**What to produce:**
The lines to retype are the one with "Houston Texans Screwston" and all that follow it to the end of the entries below; copy them exactly and nothing else.

**Records to use:**
■ ■ ■ ■

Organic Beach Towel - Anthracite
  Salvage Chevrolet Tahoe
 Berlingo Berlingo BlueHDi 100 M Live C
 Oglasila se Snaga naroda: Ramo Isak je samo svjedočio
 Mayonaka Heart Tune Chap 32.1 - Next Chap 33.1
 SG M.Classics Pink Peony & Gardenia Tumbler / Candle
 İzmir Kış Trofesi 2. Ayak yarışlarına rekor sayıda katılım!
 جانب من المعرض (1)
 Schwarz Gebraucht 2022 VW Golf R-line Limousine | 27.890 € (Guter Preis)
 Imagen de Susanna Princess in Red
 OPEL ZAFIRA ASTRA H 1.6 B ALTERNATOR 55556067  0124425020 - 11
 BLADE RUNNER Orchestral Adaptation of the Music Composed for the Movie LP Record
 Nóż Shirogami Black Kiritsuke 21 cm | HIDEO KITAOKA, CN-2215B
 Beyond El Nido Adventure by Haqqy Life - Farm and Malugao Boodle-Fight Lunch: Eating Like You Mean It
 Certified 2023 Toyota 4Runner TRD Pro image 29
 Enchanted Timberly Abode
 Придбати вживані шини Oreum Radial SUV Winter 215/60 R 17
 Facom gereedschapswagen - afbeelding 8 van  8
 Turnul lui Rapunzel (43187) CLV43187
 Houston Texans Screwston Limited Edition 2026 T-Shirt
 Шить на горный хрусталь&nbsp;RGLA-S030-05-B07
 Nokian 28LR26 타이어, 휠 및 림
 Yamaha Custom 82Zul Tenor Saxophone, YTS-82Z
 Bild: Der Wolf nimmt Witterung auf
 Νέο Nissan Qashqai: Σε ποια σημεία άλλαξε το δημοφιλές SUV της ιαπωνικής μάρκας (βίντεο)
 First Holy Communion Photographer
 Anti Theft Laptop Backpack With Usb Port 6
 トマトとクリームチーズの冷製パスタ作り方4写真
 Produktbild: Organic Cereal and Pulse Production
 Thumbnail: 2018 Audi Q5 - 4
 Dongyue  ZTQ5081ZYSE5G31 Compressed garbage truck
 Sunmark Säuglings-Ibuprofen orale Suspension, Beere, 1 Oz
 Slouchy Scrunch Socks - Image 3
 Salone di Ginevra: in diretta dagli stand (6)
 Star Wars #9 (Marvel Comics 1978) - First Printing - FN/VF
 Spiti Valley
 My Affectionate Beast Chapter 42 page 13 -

■ ■ ■ ■

**Result for this exercise:**
 Houston Texans Screwston Limited Edition 2026 T-Shirt
 Шить на горный хрусталь&nbsp;RGLA-S030-05-B07
 Nokian 28LR26 타이어, 휠 및 림
 Yamaha Custom 82Zul Tenor Saxophone, YTS-82Z
 Bild: Der Wolf nimmt Witterung auf
 Νέο Nissan Qashqai: Σε ποια σημεία άλλαξε το δημοφιλές SUV της ιαπωνικής μάρκας (βίντεο)
 First Holy Communion Photographer
 Anti Theft Laptop Backpack With Usb Port 6
 トマトとクリームチーズの冷製パスタ作り方4写真
 Produktbild: Organic Cereal and Pulse Production
 Thumbnail: 2018 Audi Q5 - 4
 Dongyue  ZTQ5081ZYSE5G31 Compressed garbage truck
 Sunmark Säuglings-Ibuprofen orale Suspension, Beere, 1 Oz
 Slouchy Scrunch Socks - Image 3
 Salone di Ginevra: in diretta dagli stand (6)
 Star Wars #9 (Marvel Comics 1978) - First Printing - FN/VF
 Spiti Valley
 My Affectionate Beast Chapter 42 page 13 -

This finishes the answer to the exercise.